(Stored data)
+---+

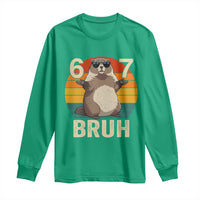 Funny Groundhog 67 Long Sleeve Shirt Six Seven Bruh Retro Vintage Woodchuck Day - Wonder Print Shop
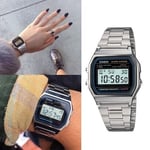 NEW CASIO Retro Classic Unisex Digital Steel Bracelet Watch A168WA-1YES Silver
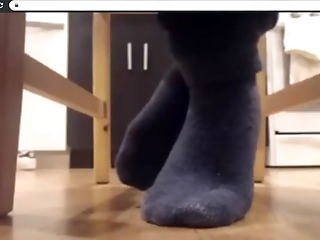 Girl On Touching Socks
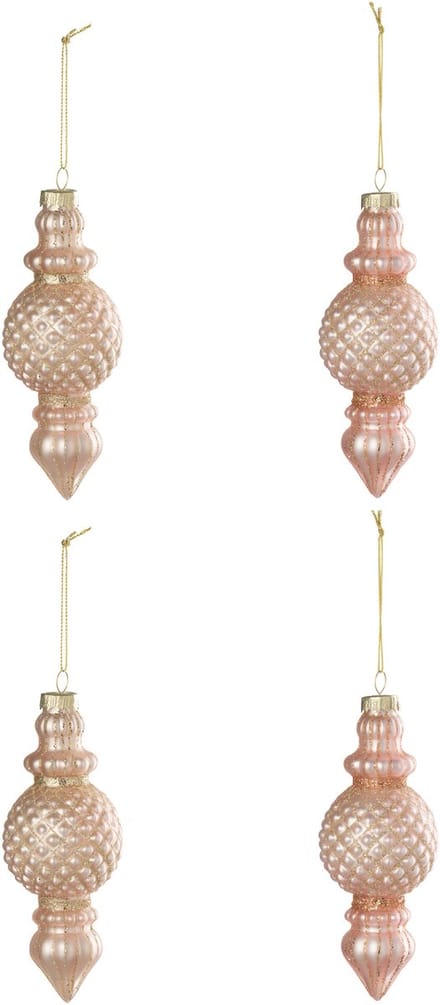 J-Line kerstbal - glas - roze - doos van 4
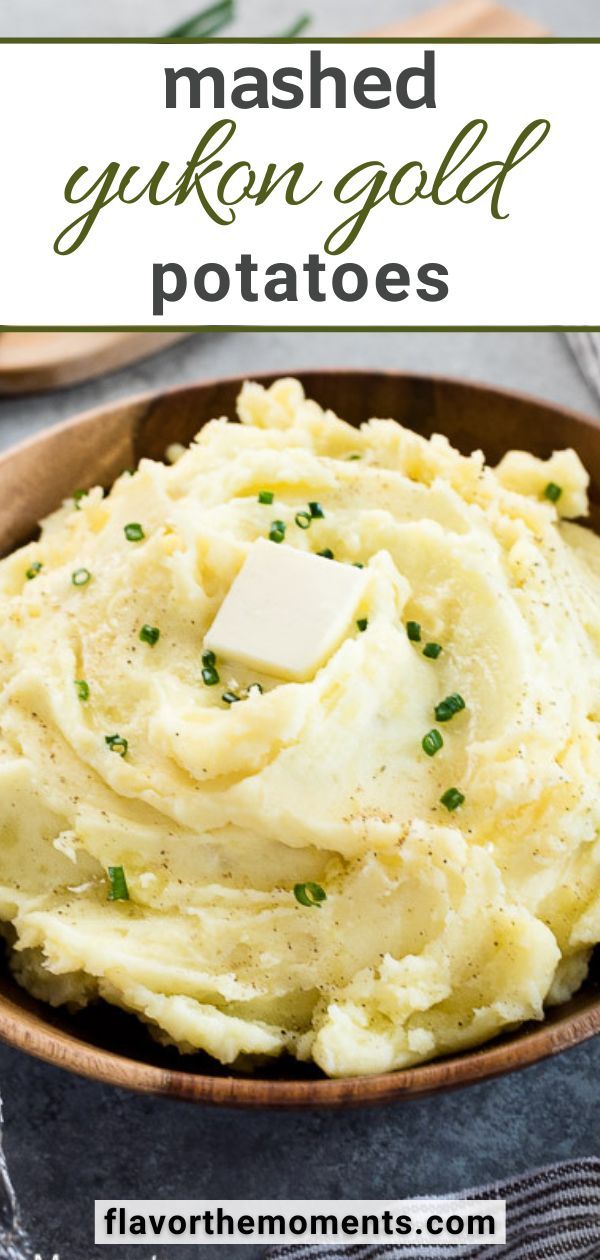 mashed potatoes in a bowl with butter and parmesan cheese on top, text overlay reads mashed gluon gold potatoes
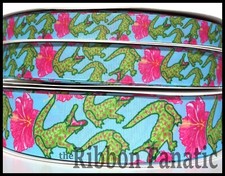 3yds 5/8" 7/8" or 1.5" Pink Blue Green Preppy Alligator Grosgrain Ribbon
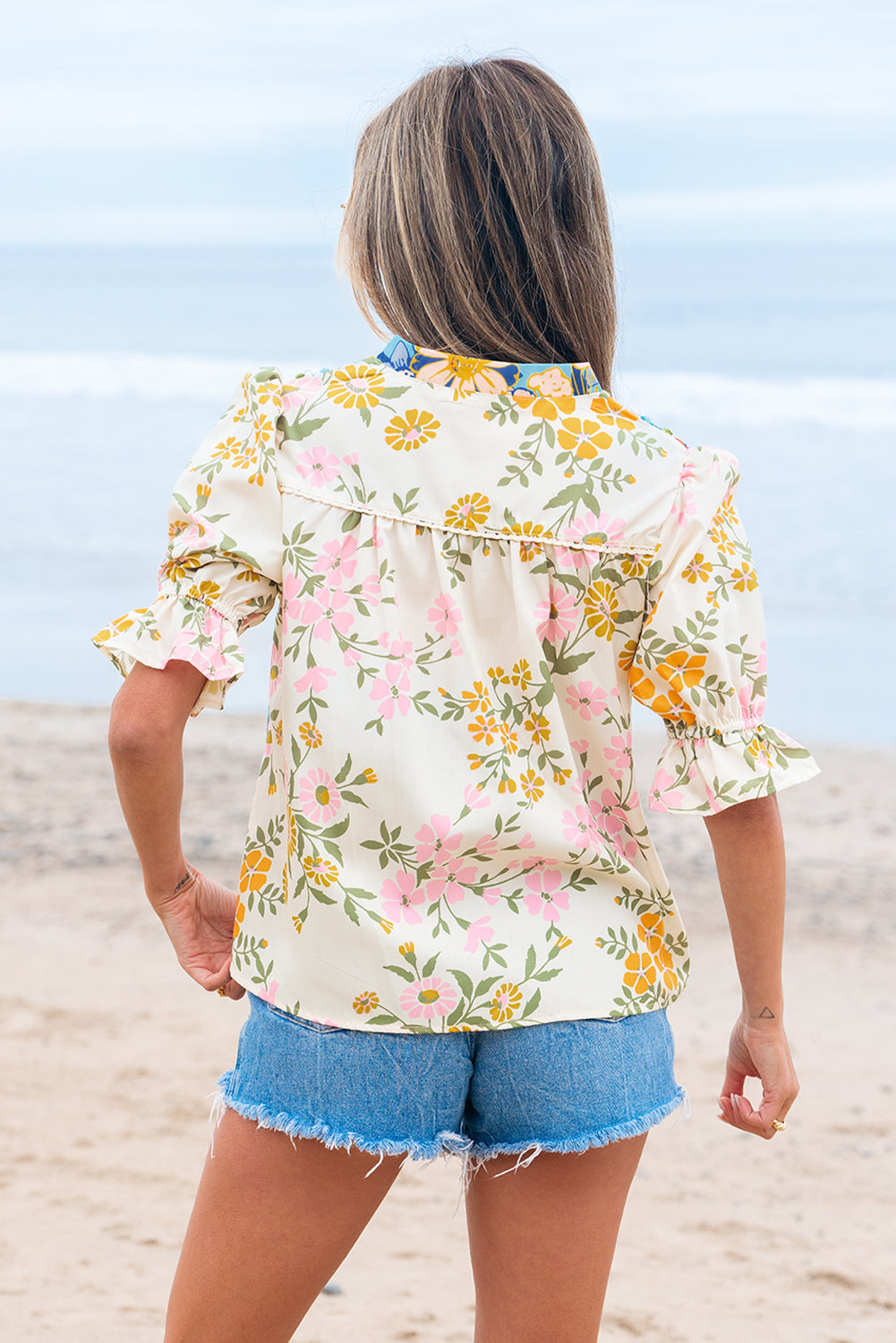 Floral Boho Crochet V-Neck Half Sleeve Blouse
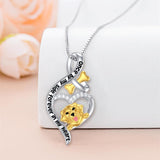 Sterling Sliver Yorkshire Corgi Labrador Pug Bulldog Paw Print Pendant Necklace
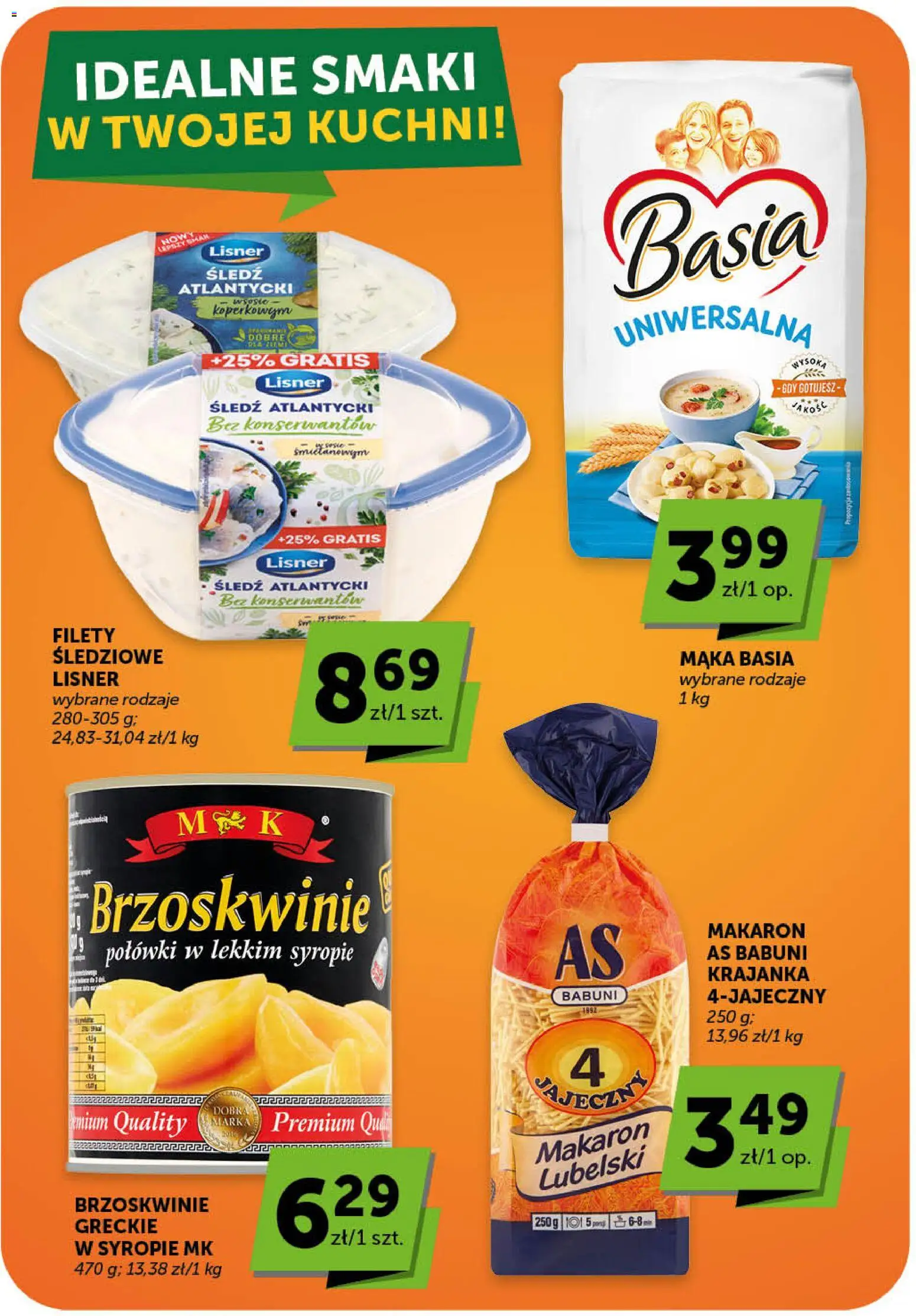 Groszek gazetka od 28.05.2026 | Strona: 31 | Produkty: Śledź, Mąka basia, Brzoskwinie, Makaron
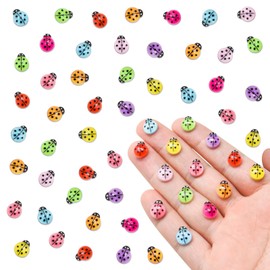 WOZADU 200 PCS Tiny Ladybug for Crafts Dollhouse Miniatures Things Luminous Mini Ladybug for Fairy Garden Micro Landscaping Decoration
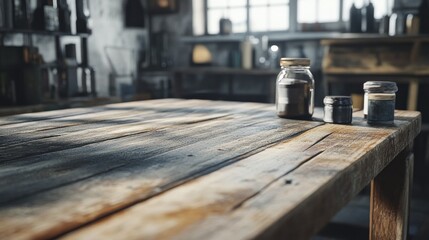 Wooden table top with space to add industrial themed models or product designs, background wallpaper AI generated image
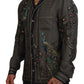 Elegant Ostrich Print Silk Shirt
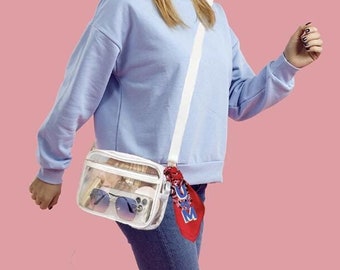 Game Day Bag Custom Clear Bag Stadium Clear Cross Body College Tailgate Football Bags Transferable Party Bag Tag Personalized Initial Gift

+---+

Exercise goal = Word-for-word repeat, images excluded: return all the data.

Written reply =
 Funny Groundhog 67 Long Sleeve Shirt Six Seven Bruh Retro Vintage Woodchuck Day - Wonder Print Shop
 NEW CASIO Retro Classic Unisex Digital Steel Bracelet Watch A168WA-1YES Silver
 Girl On Touching Socks
 J-Line kerstbal - glas - roze - doos van 4
 mashed potatoes in a bowl with butter and parmesan cheese on top, text overlay reads mashed gluon gold potatoes
 3yds 5/8" 7/8" or 1.5" Pink Blue Green Preppy Alligator Grosgrain Ribbon
 Floral Boho Crochet V-Neck Half Sleeve Blouse
 Sterling Sliver Yorkshire Corgi Labrador Pug Bulldog Paw Print Pendant Necklace
 Groszek gazetka od 28.05.2026 | Strona: 31 | Produkty: Śledź, Mąka basia, Brzoskwinie, Makaron
 WOZADU 200 PCS Tiny Ladybug for Crafts Dollhouse Miniatures Things Luminous Mini Ladybug for Fairy Garden Micro Landscaping Decoration
 Wooden table top with space to add industrial themed models or product designs, background wallpaper AI generated image
 Elegant Ostrich Print Silk Shirt
 Game Day Bag Custom Clear Bag Stadium Clear Cross Body College Tailgate Football Bags Transferable Party Bag Tag Personalized Initial Gift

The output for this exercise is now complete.